* TASK STATEMENT: Although the listing below holds pictures, reproduce only its lines from the one containing "King of the Lake Tournament Kayak Edition" through the last, exactly and without them.

* STORED DATA:
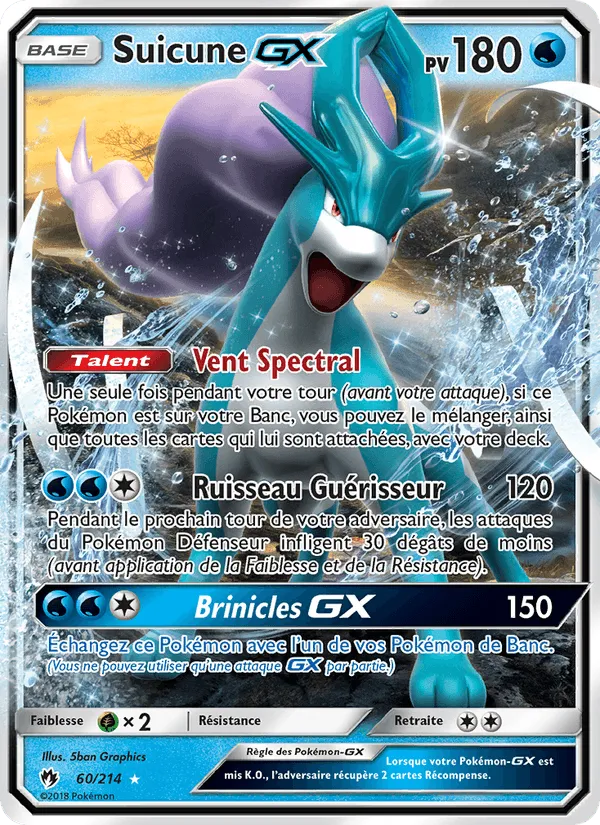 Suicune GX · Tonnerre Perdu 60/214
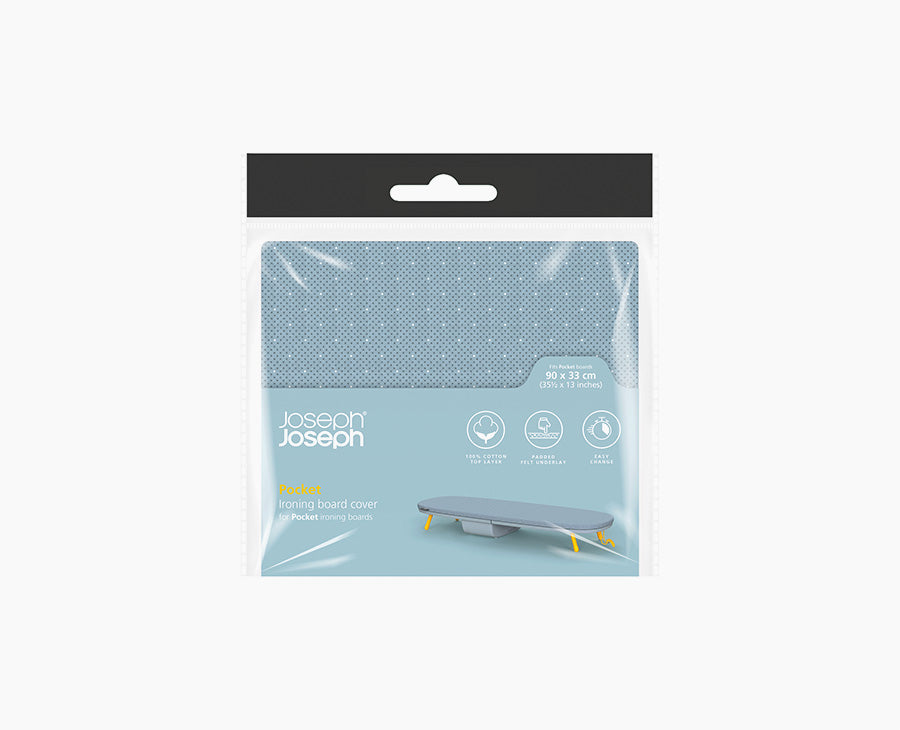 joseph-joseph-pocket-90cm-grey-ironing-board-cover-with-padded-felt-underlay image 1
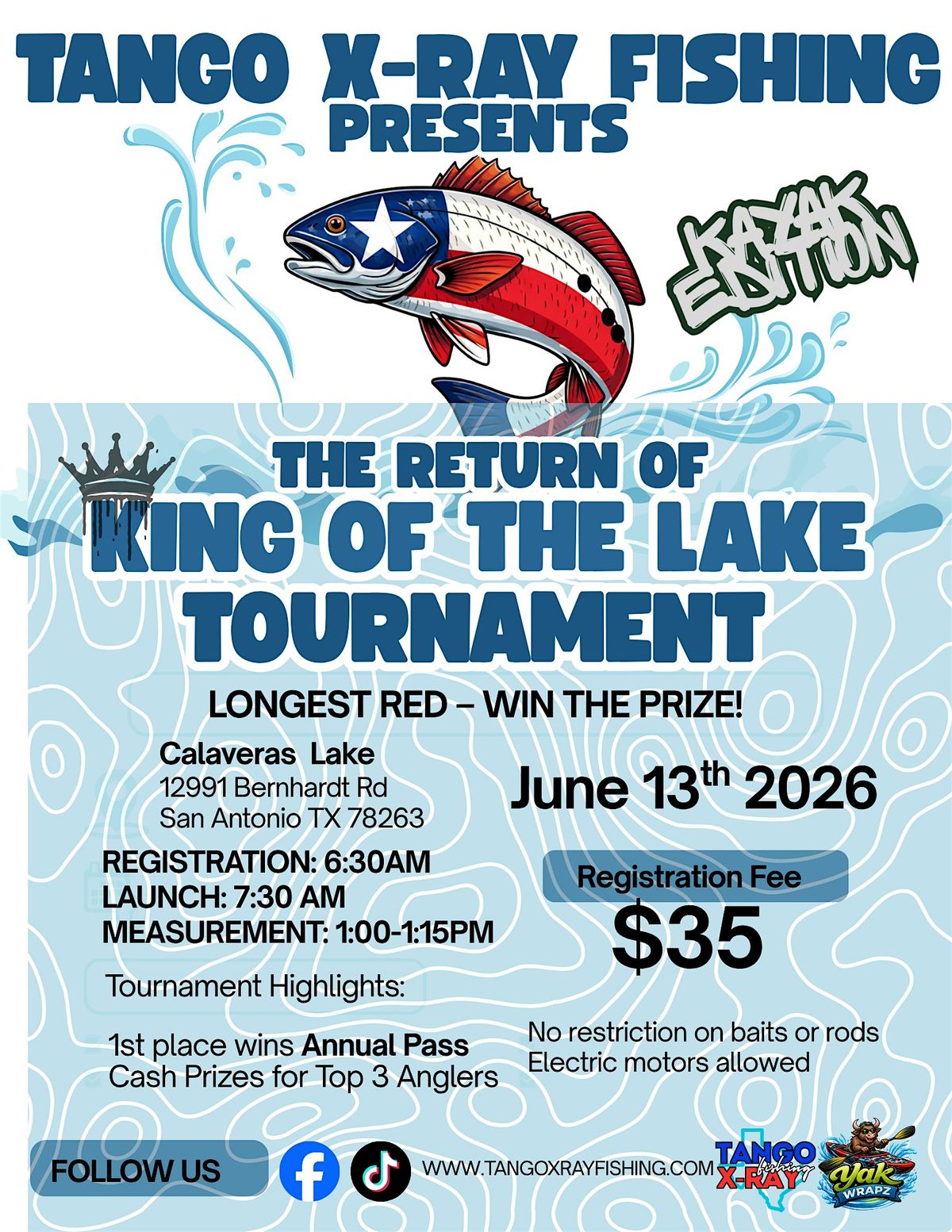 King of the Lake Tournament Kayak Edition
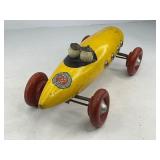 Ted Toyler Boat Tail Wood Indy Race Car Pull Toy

* REPLY:
 King of the Lake Tournament Kayak Edition
 Ted Toyler Boat Tail Wood Indy Race Car Pull Toy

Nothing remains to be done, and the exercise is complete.